No Libyan actors are poised to roll back ISIS’s territorial gains in Libya. Libya does not have a unified national army, and its highly factionalized armed groups remain locked in a multidimensional civil war. The transitional government that assumed power after the fall of longtime dictator Muammar al Qaddafi in 2011 failed to bridge the country’s political and tribal fault lines and ultimately broke down into two warring parliaments, each supported by loose coalitions of armed groups. The UN is struggling to bring the two parliaments together behind a unity government, but the ongoing stalemate and uncertain status of key powerbrokers in the future government are preventing majorities on both sides from agreeing, and thus the armed groups from uniting. ISIS’s rapid expansion in Libya has proved insufficient to force Libya’s political leaders to abandon their grievances. At the same time, no existing Libyan fighting force has demonstrated either the will or the capability to defeat ISIS in their country. The Libyan National Army (LNA), aligned with the House of Representatives based in the east, is embroiled in a stalemated fight against a plethora of Islamist groups in Benghazi, Derna, and Ajdabiya. The LNA has used its very limited air power to conduct sparse strikes on ISIS positions, but its forces are entrenched in their current fights and unable to launch a ground assault on ISIS in Sirte. Meanwhile, a coalition of Misratan militias from western Libya recently mobilized eastward toward Sirte, but these forces, combined with those already based closer to Sirte in Abugrein, likely number around half of the force that ISIS can muster to defend its stronghold. It is more likely that the Misratans, who have established checkpoints at key transport hubs and near ISIS positions west of Sirte, are attempting to contain ISIS’s westward expansion.

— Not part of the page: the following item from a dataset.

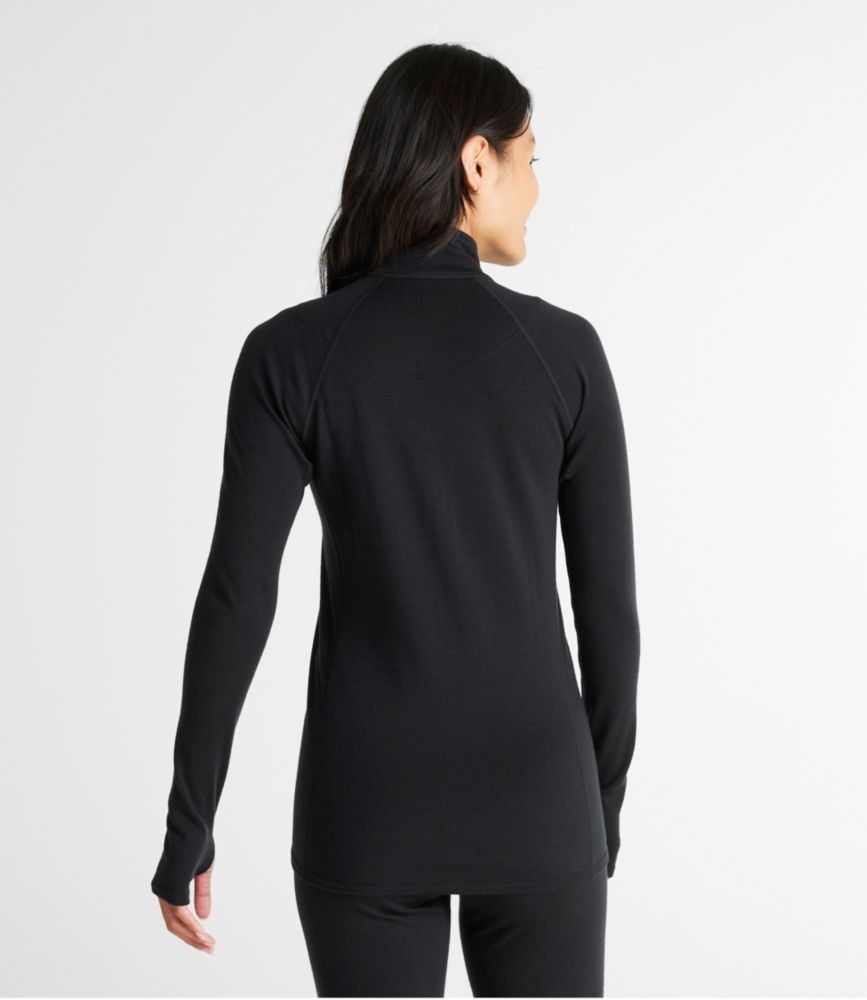 Women's Cresta Midweight 250 T-Zip Top, Graphite Heather, small image number 3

The U.S. and its allies lack both the partner and the will to carry out a campaign the scale needed to defeat ISIS in Libya. The absence of a unity government and a Libyan army hampers action against ISIS by denying the international community legitimate political and military partners for intervention. The U.S. has reportedly ruled out the possibility of intervening in Libya unilaterally, as U.S. defense officials claimed on February 18 that President Obama rejected a plan from U.S. Africa Command and Special Operations Command to launch airstrikes against ISIS’s resources in Libya and deploy Special Operations Forces to train a future Libyan national army. The U.S. reportedly will continue to strike ISIS’s high-level leadership in Libya instead. For example, the U.S. targeted a Tunisian ISIS operative in western Libya linked to major terror attacks in Tunisia on February 19. Such surgical, opportunistic targeting will not expel ISIS from populated areas or prevent the group from advancing further. Denying ISIS safe haven in Libya requires a ground partner capable and willing to clear and hold ISIS’s current areas of control. ISIS will continue to grow and strengthen in the absence of a determined response from both Libyans and the international community.

ISIS will use its enduring safe haven in Libya to endure and project disorder throughout North Africa and potentially into Europe.  A Libyan stronghold allows ISIS to survive in the event of defeat in Iraq and Syria by providing two key capabilities: a physical safe haven that can serve as a refuge for central leadership, and a safeguard for ISIS’s ideological legitimacy, which depends on the governance of a territorial Islamic state. ISIS has already used Libya as a support zone for devastating attacks on tourist sites in neighboring Tunisia, and its recent uptick in North Africa-focused propaganda indicates that the group is still focused on generating recruitment and attacks in the region. ISIS’s secure hold on terrain in Libya allows it to more easily develop networks and project attacks into neighboring Tunisia, Algeria, and Egypt, as well as recruit throughout the Maghreb and Sahel regions. ISIS may ultimately use its safe haven within Libya to plan and launch attacks on nearby Europe, as it has already done with its safe havens in Iraq and Syria.